I'm just moving into the OM world and I'm wanting a 28mm f/2 for my OM-1n (I want the extra stop, though I'm sure some will say 2.8 is quite fast enough )
The Zuiko versions seem tricky to find and a bit variable. Of two I have recently found, one looked like it had been cleaned with Ajax and the other had fungus and "unknown marks" in the centre of the elements. Both only just under £200 ... I see others on e(xpensive)Bay for £400-£500 and that just seems a bit mad of a price
There are Kiron and Vivitar (Komine) alternatives which are much more inexpensive, but I wondered what the compromises are compared to the Zuikos?
Will I really notice the difference (shooting Tri-X or HP5+ and printing 11x14 or smaller) if I spend £50 rather than £250 on a 28/2
pdeeh, you don't say what you will be shooting and under what conditions . Do you REALY need f2.0. The Zuiko 28mm. f3.5 has always proved good enough for me, but perhaphs you're shooting black cats in dark places.

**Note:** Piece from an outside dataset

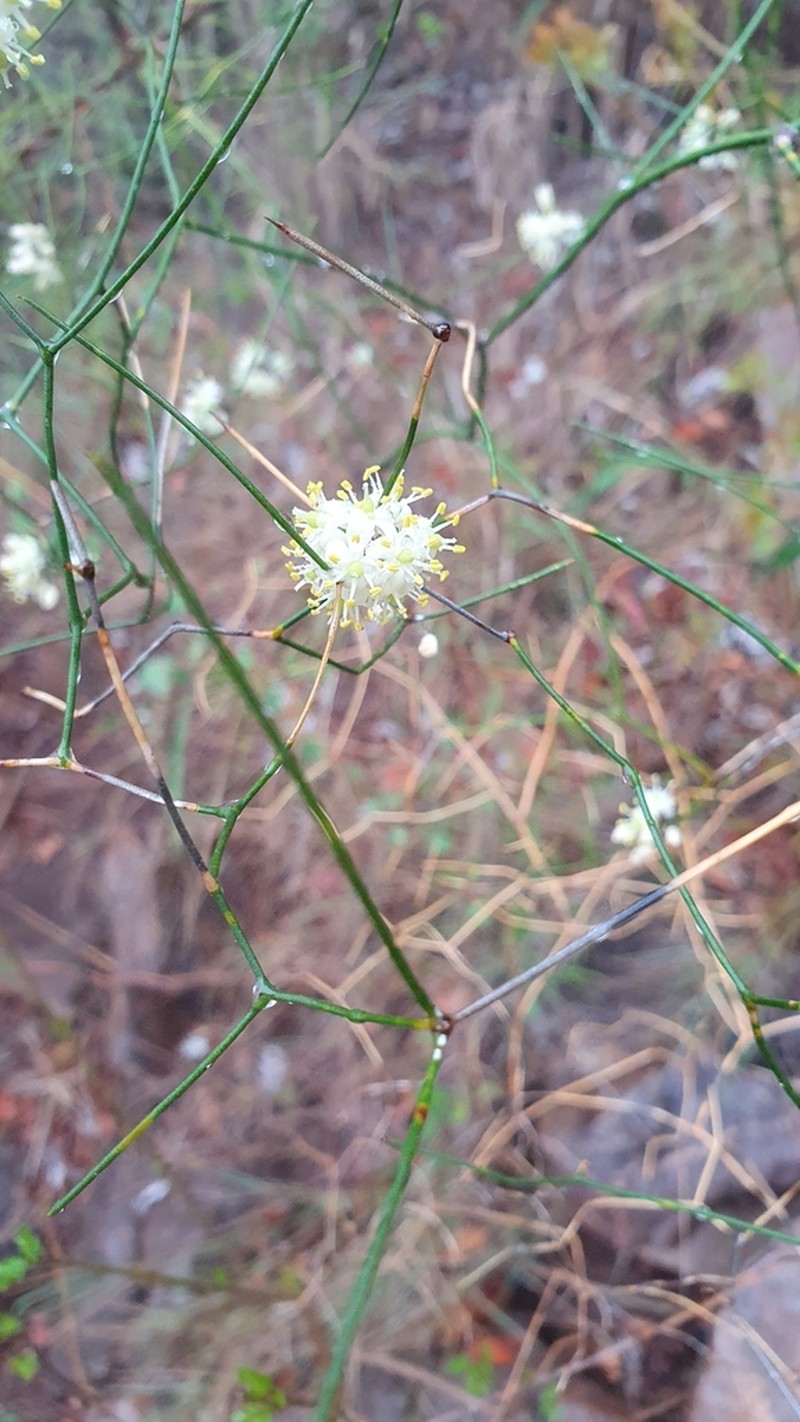 Asparagus divaricatus photo 2
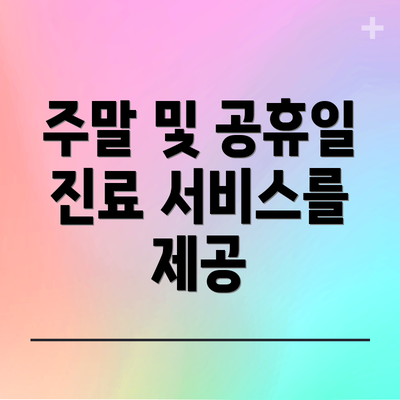 주말 및 공휴일 진료 서비스를 제공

Personally, I would stick with Zuiko's. Are you talking 11/14 inches or cms?
I can say that I would rather use a Zuiko OM 28mm/2.8 than any other brand of 28mm, f/2.8 or f/2.0
The price for used Olympus mount lenses has risen due to digicam users who think they're getting away with something. Of course new lenses designed for those electronic gizmos are better suited since they come from the same robotic plastic injectors as the cameras they serve.

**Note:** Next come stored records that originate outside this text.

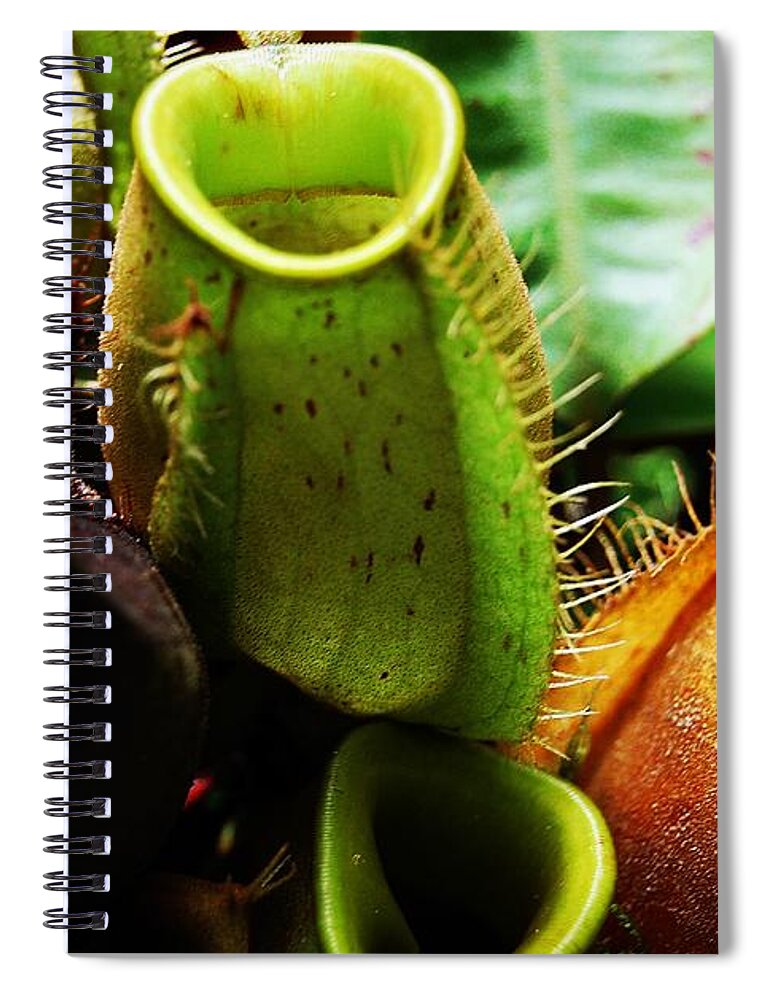 Pitcher Plant Cluster Spiral Notebook featuring the photograph Pitcher Plants by Angela Murray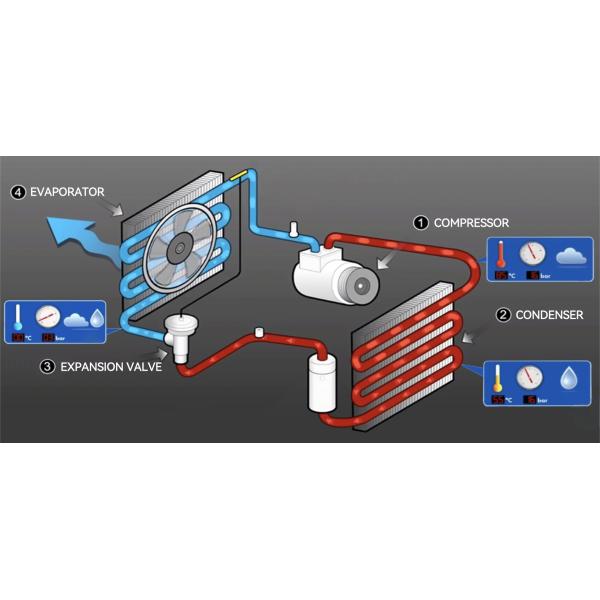 MSC90C AKC201A275 Auto AC Compressor MSC90TA-S For Mitsubishi Fuso 12.0 Turbo 24V 6PK Diesel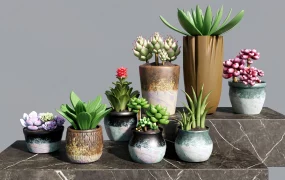 Succulent Plant Collection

These same people are convinced they need f/2.0 or f/1.2 or even f/0.9 lenses yet their cameras can shoot at ISO 25,000.
I say, if you are needing this lens for a digicam then buy the third party lens and rid the film world of them. It won't matter to you since digicam photos are crap anyway.
If you're shooting film on an OM then stick with Zuiko. There's a reason they have their following.
@Allan Swindles - the difference between f/2 and f/2.8 is my being able to handhold at 1/15s (which I can do with acceptable results) and 1/8s (which I can't) under the kinds of lighting conditions I not infrequently encounter. And I mean inches. Of course one rarely shoots wide open all the time, but when one needs the extra stop, one needs it.
@wblynch - I'm not quite sure why you have chosen my innocuous question relating to a film camera as an opportunity to launch a bizarre anti-digital rant, but it is neither appropriate nor helpful.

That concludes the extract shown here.